C’est une grande bataille, parce qu’aujourd’hui, les jeunes se détournent parfois de ce qu’ils ont de meilleur. Quand j’étais enfant, au village, nos grands-pères nous racontaient des histoires. C’était éducatif, mais aussi amusant. Ils glissaient des leçons dans leurs récits, et on apprenait sans même nous en rendre compte. Je crois qu’on peut adopter la même approche aujourd’hui: utiliser ce que les jeunes aiment pour les reconnecter à leurs racines. Si leur univers, ce sont les réseaux sociaux, TikTok, Instagram, alors il faut y introduire petit à petit des éléments de nos traditions. En partant de leurs centres d’intérêt, on peut leur montrer ce qu’ils doivent découvrir et préserver. C’est en s’adaptant à leur langage que l’on pourra réellement leur transmettre le patrimoine.

La danse bénéficie-t-elle d’un soutien suffisant des institutions et de la société ivoiriennes? Comment faire pour qu’elle devienne un art majeur et préparer la prochaine génération de danseurs et chorégraphes à s’imposer sur la scène internationale? Quels lieux ou structures manque-t-il pour renforcer cet écosystème?

Avec le ballet national au CGMAP (Centre Georges Momboye Arts pluriels), à Abidjan. NABIL ZORKOT
Avec le ballet national au CGMAP (Centre Georges Momboye Arts pluriels), à Abidjan. NABIL ZORKOT

La danse en Côte d’Ivoire est en train de se structurer. Il existe des initiatives, telles que des fédérations de danse, dont la FID (Fédération ivoirienne de la danse), que je préside. Ces dernières regroupent des compagnies structurées, organisent des ateliers et forment les jeunes. L’État commence à observer ce mouvement et apporte parfois un soutien à travers des subventions, mais cela reste encore insuffisant. Il faudrait des lieux dédiés, comme une Maison de la danse avec plusieurs studios et théâtres pour programmer des créations et permettre aux œuvres de tourner à travers tout le pays. Aujourd’hui, les jeunes ont accès à des outils numériques comme TikTok ou Instagram, mais ils manquent souvent de patience pour acquérir la technique et la profondeur nécessaires.
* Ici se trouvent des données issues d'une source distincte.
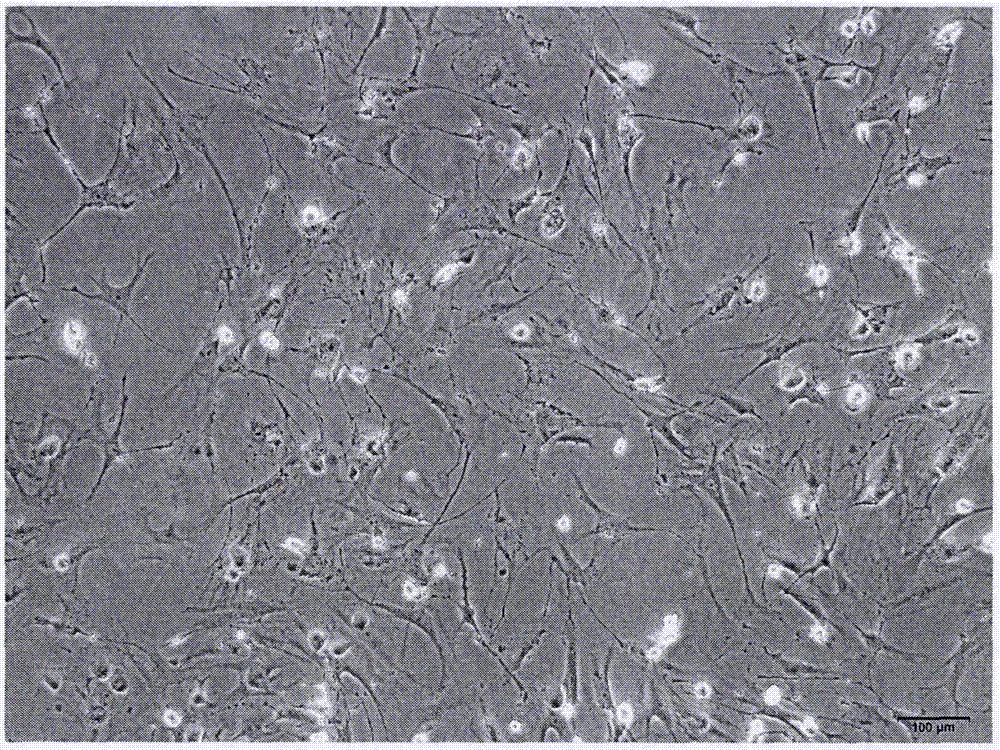 Rat hepatic stellate cell separation method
Mon rêve est de réhabiliter les grands espaces culturels en Côte d’Ivoire pour que l’on puisse y former des danseurs, développer la technique et la créativité, et créer des spectacles visibles partout, pas seulement en Europe. Je profite de mes centres à Abidjan et à Paris, ainsi que de mes créations, pour former cette nouvelle génération, mais il reste un long chemin à parcourir. La danse a un potentiel énorme pour devenir un art majeur en Côte d’Ivoire, au même titre que la musique, si on lui donne enfin les moyens et la reconnaissance qu’elle mérite.

Transmettre le travail technique en danse est une chose, mais comment inculquer la dimension spirituelle, cette capacité à toucher l’âme de la jeune génération? Comment guider les danseurs pour que leur pratique dépasse le simple mouvement et devienne une véritable émotion incarnée?
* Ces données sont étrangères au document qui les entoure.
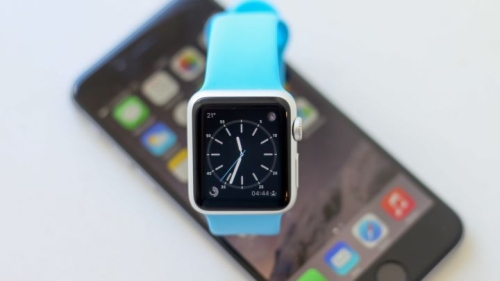 „Apple Watch“ apžvalga: noriu, bet ar tikrai reikia?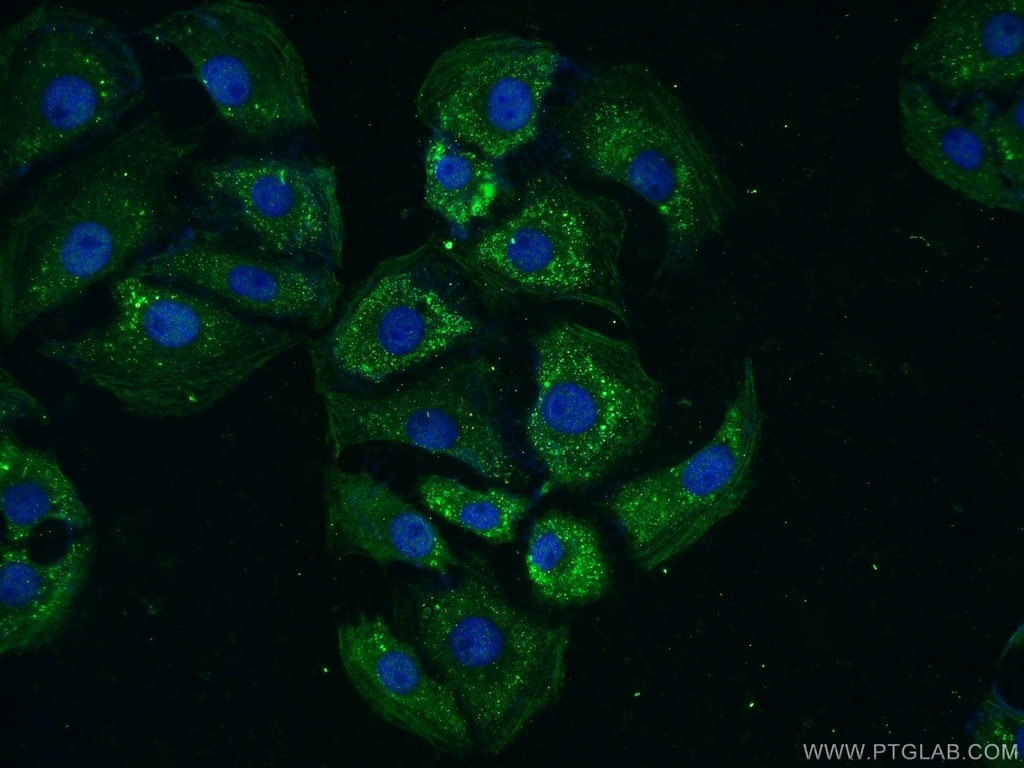 TTBK2 Polyclonal antibody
C’est une question complexe, mais je pense que tout part de l’émotion. Il faut d’abord comprendre ce qui pousse un jeune à danser. Pourquoi danses-tu? Est-ce pour échapper à une difficulté, exprimer une douleur, ou tout simplement parce que c’est un besoin vital? À partir de là, on touche quelque chose de profondément émotionnel, qui peut nourrir leur art. Quand ils pratiquent, il faut leur rappeler ce qu’ils ressentent, ce qu’ils vivent, et leur apprendre à traduire cela dans leurs mouvements, leurs postures et leur énergie. C’est ce qui rend leur danse vivante et authentique. La parole joue un rôle, mais elle doit être suivie de pratique: il faut gérer le silence, laisser les émotions s’exprimer dans le mouvement lui-même. Transmettre aux jeunes gens la spiritualité, c’est leur apprendre à se connecter à leur histoire et à leur essence, pour que leur art ait une âme.

Quels sont vos projets à venir, tant sur le plan national qu’international, pour continuer de faire vivre la danse ivoirienne?
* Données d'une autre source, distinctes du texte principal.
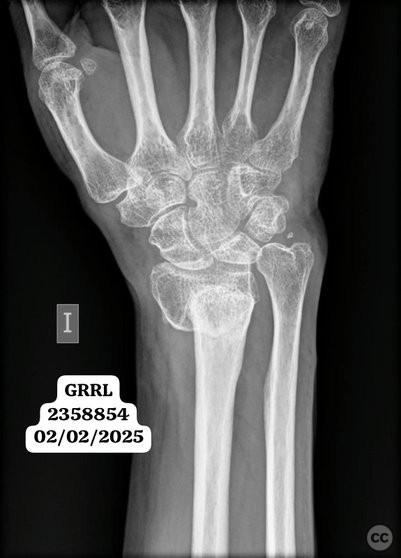 case image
Je vais bientôt créer un concours de danse, qui s’intitulera Danse avec ton étoile, en partenariat avec la télévision. L’idée est de révéler les meilleurs talents, les meilleurs danseurs de Côte d’Ivoire, afin de leur permettre ensuite d’accéder à de grands centres de formation de danse, notamment en France et aux États-Unis. Nous voulons provoquer un engouement dans les quartiers, trouver des talents cachés, permettre à des jeunes d’imaginer un avenir dans l’art. Je vais aussi créer un grand spectacle de cirque et de danse joué en Europe, réunissant des artistes issus de l’Asie, de l’Afrique et de l’Europe. Une collaboration ouverte entre les différentes populations du globe. L’année 2025 sera aussi le moment de la sortie d’Empreintes ancestrales pour le Ballet national de Côte d’Ivoire. Je vais, enfin, bientôt relancer le Grand Show Momboye, qui sera mensuel – un rendez-vous dans mon centre artistique d’Abidjan mariant le slam, la musique, la mode, la danse et le cirque.

Enfin, si vous deviez transmettre un message aux jeunes artistes ivoiriens qui aspirent à suivre votre parcours, que leur diriez-vous?

Union, discipline, travail!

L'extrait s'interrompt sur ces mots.